#### WHAT THE TASK ASKS
The required output is the line containing "Photo 9 at 4 Dove Hawk Way, Branson, Toronto" followed by every later line through the end of the data, all reproduced exactly.

#### RECORDS PROVIDED

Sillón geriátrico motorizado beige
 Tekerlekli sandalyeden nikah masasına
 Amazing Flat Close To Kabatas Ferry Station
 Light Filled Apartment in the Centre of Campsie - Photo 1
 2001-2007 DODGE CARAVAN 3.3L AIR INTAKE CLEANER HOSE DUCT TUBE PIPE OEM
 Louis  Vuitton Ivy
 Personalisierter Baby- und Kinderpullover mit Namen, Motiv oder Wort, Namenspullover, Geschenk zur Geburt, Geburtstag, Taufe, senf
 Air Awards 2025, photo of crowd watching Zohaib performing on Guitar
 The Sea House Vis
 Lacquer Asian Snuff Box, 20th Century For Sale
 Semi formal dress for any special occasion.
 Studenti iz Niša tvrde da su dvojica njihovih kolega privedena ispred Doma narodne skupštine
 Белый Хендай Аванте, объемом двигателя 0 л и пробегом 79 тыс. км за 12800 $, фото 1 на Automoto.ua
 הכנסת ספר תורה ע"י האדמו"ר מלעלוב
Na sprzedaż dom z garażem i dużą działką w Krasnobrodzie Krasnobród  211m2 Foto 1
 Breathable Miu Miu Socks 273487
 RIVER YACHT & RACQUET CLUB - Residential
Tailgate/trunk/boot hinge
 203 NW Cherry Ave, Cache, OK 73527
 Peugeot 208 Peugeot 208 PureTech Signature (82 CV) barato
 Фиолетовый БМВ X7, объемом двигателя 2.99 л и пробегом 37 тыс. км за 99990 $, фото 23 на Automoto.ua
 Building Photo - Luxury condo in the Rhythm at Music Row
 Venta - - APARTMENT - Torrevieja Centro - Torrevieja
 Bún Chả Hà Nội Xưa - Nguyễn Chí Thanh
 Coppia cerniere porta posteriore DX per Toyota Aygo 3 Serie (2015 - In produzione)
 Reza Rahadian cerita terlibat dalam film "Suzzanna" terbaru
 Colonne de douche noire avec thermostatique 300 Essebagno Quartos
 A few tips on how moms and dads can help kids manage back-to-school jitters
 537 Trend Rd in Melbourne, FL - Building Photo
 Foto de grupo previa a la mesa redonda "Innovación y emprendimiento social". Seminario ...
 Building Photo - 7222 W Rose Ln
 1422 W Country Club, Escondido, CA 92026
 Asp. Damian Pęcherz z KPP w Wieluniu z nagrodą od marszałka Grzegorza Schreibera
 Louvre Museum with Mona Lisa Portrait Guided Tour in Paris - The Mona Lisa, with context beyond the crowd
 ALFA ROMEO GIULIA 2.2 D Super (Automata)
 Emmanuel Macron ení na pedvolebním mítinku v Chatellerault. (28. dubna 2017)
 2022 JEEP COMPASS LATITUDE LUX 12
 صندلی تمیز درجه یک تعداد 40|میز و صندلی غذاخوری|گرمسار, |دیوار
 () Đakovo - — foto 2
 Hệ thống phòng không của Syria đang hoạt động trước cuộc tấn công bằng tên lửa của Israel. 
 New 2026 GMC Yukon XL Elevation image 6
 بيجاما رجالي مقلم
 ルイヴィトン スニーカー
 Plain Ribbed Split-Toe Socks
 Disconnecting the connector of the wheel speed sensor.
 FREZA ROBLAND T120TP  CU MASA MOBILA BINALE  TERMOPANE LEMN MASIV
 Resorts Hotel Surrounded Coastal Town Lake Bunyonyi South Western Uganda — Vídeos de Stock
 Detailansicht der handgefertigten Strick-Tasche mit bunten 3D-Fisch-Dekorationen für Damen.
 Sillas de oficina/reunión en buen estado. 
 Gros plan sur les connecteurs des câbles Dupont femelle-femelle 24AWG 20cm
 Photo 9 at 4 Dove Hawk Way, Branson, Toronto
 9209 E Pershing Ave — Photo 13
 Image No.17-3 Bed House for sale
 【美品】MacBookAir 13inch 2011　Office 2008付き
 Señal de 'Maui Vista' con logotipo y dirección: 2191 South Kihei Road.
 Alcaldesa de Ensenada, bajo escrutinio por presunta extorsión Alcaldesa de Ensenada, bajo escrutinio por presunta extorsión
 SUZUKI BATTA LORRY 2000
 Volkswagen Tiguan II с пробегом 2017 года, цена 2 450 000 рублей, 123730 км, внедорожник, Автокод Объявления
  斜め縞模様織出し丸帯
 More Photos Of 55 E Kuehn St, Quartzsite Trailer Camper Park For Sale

#### ANSWER TO THE PROBLEM
 Photo 9 at 4 Dove Hawk Way, Branson, Toronto
 9209 E Pershing Ave — Photo 13
 Image No.17-3 Bed House for sale
 【美品】MacBookAir 13inch 2011　Office 2008付き
 Señal de 'Maui Vista' con logotipo y dirección: 2191 South Kihei Road.
 Alcaldesa de Ensenada, bajo escrutinio por presunta extorsión Alcaldesa de Ensenada, bajo escrutinio por presunta extorsión
 SUZUKI BATTA LORRY 2000
 Volkswagen Tiguan II с пробегом 2017 года, цена 2 450 000 рублей, 123730 км, внедорожник, Автокод Объявления
  斜め縞模様織出し丸帯
 More Photos Of 55 E Kuehn St, Quartzsite Trailer Camper Park For Sale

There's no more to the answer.